Inspiring spiritual and cultural transformation through connection with wild spaces, with the help of God and neighbor, to create a world where wildlife and wild spaces are known as neighbors worthy of our love, kindness, compassion and care.

Monday, February 17, 2020

Luminous Ice Scupltures of Strap Mill Hollow (2/17/2020)


From the northern terminus of the Pine Creek Gorge's West Rim Trail it doesn't take long to get to the tributary stream that travels down Strap Mill Hollow. For those that enjoy an off-the-trail adventure, there are only a couple of difficult spots if you want to traverse the bank of Strap Mill Run from West Rim Trail's wooden bridge down to the point where Strap Mill Run enters Pine Creek, just about a quarter-mile downhill. This was my route today.


My saunter begins at 10:20am. Most of the hemlock and beech dominated forest is covered by about an inch of crusty snow. Flat-branched tree clubmoss as well as the regular assortment of winter ferns are present along either side of West Rim Trail. A chipmunk greets me (scolds me rather!) from his or her perch on top of a downed snag. The air is calm, 30 degrees F, with a thin cloud cover overhead.

At the wooden bridge over Strap Mill Run, Eastern hemlock's embrace the cool flowing waters on either side of its banks, a love affair that's continued since the Jurassic period roughly 150million years ago. With an affinity just as strong, centuries old lichen clings to ancient rock.


Every nook and every cranny of Strap Mill Hollow holds its own secret treasures. A new-to-me species of liverwort is here. It has a kind of leathery texture that seems typical of many liverwort species, and looks like rows of narrow green scales stacked neatly in long rows. It is dense, yet seems fragile to the touch. Bazzania trilobata is its name; a species of liverwort closely associated with coniferous forests, and here it seems to have an affinity for large exposed hemlock roots on either side of the creek. And the creek itself is a wonder to note.

Water dances down this wooded ravine in frigid winter, its spray creating the most beautiful of icy sculptures! Oh what joy to be a spectator to such wonders as these! It is the hand of God at work through this life-sustaining molecule! Carefully and cautiously I must proceed along the banks of this lively little watercourse, for the crusty snow is not more than a thin (and in places slippery) film on the steep slopes where I may revel at the creative work of the water's spray as an art connoisseur in a gallery of fine sculptures.


Not only are the shapes and the contours breathtaking, but, as I stand at the base of a waterfall here at Strap Mill Run the sun has just burst through the clouds causing the icy sculptures to sparkle like diamonds! The sun's luminous rays are transfigured before my fortunate eyes in a kaleidoscope of yellow, blue, and green shimmering points of light as if galaxies of stars were dipped in a rainbow and placed within these icy crystals. Beauty beyond comprehension fills this place in this present moment!
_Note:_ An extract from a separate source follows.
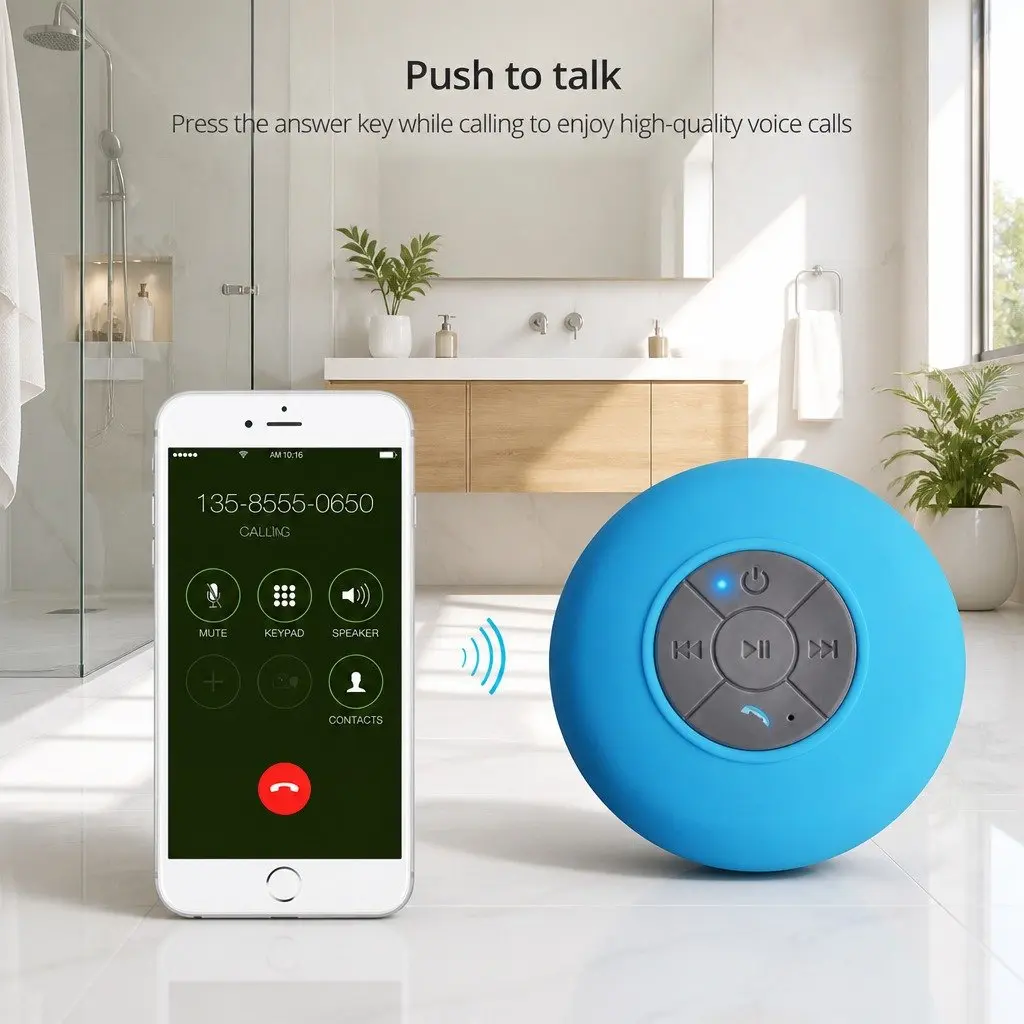 Portable Bluetooth Speaker Red Mini Suction Cup Waterproof Hands-Free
I think what Emerson said must be true; "To the attentive eye, each moment of the year has its own beauty, and in the same field, it beholds, every hour, a picture which was never seen before, and which shall never be seen again." (Nature/Walking. Ralph Waldo Emerson/Henry David Thoreau. Beacon Press Books; Boston, MA, 1991. Page 15)

Breaths of fresh canyon air, a gift from our evergreen neighbors, is enjoyed by chickadee, chipmunk, and human visitor alike; all of us embraced in the same glorious light; all sense of self is lost within these ancient rock walls and the rush of cascading waters.

This is the paradoxical nature of self-discovery in wild spaces such as these, at least in my own experience which may or may not resonate with yours: My most profound experiences of self-discovery are these moments when (I often least expect it!) all sense of self is lost in the fullness of community with wildlife and wild spaces. Here the Spirit of God is at work in a way that is deeply transformational.

Today's experience at Strap Mill Hollow was without a doubt one of these, and I feel as Muir did in his Sierras, "part and parcel of nature." (A Thousand-Mile Walk to the Gulf. John Muir. Houghton Mifflin Company; New York, NY, 1916. Page 116)

I hope that you may experience the fullness of the gift of wild spaces as I have. There is no telling what priceless treasures await. I'm sure of this; wild spaces call to us; wild spaces have something to teach us about God, about ourselves, and about community; wild spaces welcome us home.